Last but not least, I do not see how "people not playing the same way" gives such self-evident -- for so you treat it -- privilege to those who think that playing it as the designers designed it to be played sucks. How is that a warrant for them to dictate what the game shall "Officially" be to those who have made the mistake of choosing the game because (madness of madnesses!) they actually like it as it is?
The purest "privilege" comes from someone having spent the money to gain the rights to publish D&D, pure and simple. If you were to spend the money to do so, the privilege to shape the latest published form of D&D would be your own. This is of course distinct from to the privilege to play the kind of D&D with your friends that you like best and still call it "D&D", which everyone possesses.
However, the fact that people play D&D in different ways is relevant for multiple reasons. For one, it explains how designers might create the sort of D&D that they enjoy playing, and that other people enjoy playing, and yet that you do not. With the understanding that people play D&D differently, nobody is lying: they're not lying when they say they enjoy it, I'm not lying when I say I enjoy it, and you're not lying when you say you don't.
It also means that there is a market for different styles of D&D. With the business motivation of keeping D&D as a viable brand that is relevant to new gamers every hear, that's an important consideration.
Help me out here; throw me a bone of logical reasoning.
(sigh) At some point I hope to have a discussion without this disagreeable tone of voice marching into it and demanding I salute.
Somehow, it does not appear to me that AD&D became the #1 RPG on the basis of how many people thought it was the wrong design with the wrong design goals.
Well, you absolutely can't discount being the first and having the most name recognition as reasons it became #1. That said, it retained that crown because it could be played in a lot of ways. If there were no concessions to other play styles, if there were a way to enforce all players to play it in exactly the same fashion without emphasizing storytelling techniques or de-emphasizing some of the more exception-based rules, I doubt its hold would have been anywhere as constant. You'd perhaps find that there were probably about as many people playing "true" D&D as there are currently playing Savage Worlds.
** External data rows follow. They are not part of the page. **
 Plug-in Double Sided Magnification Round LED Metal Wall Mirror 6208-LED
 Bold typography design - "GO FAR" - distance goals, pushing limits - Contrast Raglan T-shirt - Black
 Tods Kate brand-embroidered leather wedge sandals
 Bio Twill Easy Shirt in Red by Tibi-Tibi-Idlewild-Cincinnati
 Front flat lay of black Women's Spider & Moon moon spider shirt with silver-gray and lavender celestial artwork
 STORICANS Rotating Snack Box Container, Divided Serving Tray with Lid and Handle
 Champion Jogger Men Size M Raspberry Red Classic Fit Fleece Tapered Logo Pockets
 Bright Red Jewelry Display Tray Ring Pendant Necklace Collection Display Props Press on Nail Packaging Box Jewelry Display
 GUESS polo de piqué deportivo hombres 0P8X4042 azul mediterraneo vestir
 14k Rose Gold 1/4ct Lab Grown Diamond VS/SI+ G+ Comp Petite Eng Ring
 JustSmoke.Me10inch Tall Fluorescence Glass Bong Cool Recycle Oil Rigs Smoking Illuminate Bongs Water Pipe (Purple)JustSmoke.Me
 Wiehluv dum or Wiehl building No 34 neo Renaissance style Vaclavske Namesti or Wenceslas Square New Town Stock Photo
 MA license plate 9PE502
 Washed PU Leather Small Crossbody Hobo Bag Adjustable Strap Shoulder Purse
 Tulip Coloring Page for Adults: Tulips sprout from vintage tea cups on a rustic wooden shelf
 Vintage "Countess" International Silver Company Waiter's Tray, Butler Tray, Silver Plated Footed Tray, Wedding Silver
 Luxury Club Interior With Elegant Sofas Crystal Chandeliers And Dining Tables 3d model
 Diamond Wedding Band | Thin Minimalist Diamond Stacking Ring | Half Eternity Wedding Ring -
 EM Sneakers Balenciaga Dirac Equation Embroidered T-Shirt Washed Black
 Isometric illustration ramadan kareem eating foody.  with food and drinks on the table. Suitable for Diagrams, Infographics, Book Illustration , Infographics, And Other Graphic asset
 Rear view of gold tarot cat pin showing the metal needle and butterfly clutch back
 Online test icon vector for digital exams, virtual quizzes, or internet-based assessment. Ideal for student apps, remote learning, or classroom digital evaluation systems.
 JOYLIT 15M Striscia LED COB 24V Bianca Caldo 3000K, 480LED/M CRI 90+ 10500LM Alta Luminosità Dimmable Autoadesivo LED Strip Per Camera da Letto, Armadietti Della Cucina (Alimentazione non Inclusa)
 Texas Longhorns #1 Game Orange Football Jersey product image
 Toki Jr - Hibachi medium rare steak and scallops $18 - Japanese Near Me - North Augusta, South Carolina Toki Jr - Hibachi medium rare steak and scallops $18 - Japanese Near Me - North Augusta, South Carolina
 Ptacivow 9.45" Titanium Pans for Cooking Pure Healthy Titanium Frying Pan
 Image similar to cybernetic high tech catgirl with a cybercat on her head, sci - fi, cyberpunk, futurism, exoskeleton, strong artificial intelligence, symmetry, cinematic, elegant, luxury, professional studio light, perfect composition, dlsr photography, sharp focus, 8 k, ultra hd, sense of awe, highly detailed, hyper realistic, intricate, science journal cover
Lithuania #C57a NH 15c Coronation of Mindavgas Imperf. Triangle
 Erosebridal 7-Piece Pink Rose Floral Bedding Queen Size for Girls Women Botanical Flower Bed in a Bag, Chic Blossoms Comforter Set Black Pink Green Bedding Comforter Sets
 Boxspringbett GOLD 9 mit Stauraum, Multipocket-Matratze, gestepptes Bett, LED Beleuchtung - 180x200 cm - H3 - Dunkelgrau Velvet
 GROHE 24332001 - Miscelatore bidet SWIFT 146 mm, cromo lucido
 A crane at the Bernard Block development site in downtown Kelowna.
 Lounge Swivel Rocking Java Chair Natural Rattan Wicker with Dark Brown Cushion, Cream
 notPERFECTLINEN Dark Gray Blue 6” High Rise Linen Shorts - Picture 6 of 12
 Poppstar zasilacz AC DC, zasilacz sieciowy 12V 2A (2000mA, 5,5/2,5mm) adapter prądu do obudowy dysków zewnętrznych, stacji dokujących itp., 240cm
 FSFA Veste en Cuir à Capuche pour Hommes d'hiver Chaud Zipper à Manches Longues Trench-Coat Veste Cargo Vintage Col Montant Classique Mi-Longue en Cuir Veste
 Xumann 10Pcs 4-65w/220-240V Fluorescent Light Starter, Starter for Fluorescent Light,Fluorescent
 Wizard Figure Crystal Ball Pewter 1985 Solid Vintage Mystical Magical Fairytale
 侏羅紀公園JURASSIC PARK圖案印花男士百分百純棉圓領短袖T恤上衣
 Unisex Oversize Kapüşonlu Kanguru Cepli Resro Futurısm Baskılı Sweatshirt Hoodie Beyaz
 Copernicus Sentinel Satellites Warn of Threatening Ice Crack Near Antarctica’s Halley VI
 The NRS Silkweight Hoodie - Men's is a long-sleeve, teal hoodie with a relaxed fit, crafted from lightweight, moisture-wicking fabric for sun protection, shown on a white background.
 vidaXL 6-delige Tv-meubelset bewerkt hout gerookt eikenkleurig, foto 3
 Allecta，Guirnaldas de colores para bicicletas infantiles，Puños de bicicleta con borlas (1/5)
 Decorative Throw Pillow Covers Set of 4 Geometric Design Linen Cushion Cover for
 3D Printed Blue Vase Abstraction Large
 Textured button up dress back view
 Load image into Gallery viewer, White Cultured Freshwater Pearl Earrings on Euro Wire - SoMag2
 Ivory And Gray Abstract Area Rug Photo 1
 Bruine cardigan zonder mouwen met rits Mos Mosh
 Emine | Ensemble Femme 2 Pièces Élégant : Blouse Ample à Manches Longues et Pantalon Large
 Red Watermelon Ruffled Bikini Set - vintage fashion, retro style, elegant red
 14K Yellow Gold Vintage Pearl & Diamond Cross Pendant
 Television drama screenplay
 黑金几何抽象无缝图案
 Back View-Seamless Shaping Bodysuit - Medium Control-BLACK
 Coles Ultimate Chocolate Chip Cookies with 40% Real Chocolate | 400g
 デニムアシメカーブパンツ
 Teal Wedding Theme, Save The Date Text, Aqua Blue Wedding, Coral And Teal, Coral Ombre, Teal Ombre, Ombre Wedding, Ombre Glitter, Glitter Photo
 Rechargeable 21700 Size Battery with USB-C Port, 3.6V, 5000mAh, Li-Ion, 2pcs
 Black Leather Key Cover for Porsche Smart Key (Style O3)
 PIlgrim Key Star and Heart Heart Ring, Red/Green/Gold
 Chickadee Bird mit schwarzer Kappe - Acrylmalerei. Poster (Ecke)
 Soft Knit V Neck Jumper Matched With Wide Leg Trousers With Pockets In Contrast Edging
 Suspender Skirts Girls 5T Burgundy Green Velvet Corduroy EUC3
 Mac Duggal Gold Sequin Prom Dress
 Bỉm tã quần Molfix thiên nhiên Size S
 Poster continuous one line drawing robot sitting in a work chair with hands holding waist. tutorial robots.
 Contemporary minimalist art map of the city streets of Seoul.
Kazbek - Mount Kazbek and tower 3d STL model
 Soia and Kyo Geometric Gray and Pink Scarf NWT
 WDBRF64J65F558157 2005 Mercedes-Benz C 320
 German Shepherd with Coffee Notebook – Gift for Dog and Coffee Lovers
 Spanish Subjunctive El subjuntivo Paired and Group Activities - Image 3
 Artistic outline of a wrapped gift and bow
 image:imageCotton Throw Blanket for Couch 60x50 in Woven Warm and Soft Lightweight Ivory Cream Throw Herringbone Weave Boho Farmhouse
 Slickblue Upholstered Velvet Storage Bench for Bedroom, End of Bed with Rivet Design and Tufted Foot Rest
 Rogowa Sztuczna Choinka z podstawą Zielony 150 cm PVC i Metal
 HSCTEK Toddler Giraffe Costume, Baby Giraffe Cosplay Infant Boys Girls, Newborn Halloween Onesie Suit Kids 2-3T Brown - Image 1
But -- once again -- D&D is a thing of many elements. You can use 75% of the elements as published in any given edition, and change or omit the rest, and you're still playing D&D. Nor is it a new thing for the creators to feel that a significant feworking of the rules would present the experience of D&D better to a different audience. There've been a lot of editions that depart from the old brown box despite the fact that diaglo doesn't need anything else.
And as I said way back, given the wide variety of people who enjoy D&D, even to the extent of owning and playing different editions, that's pretty awesome.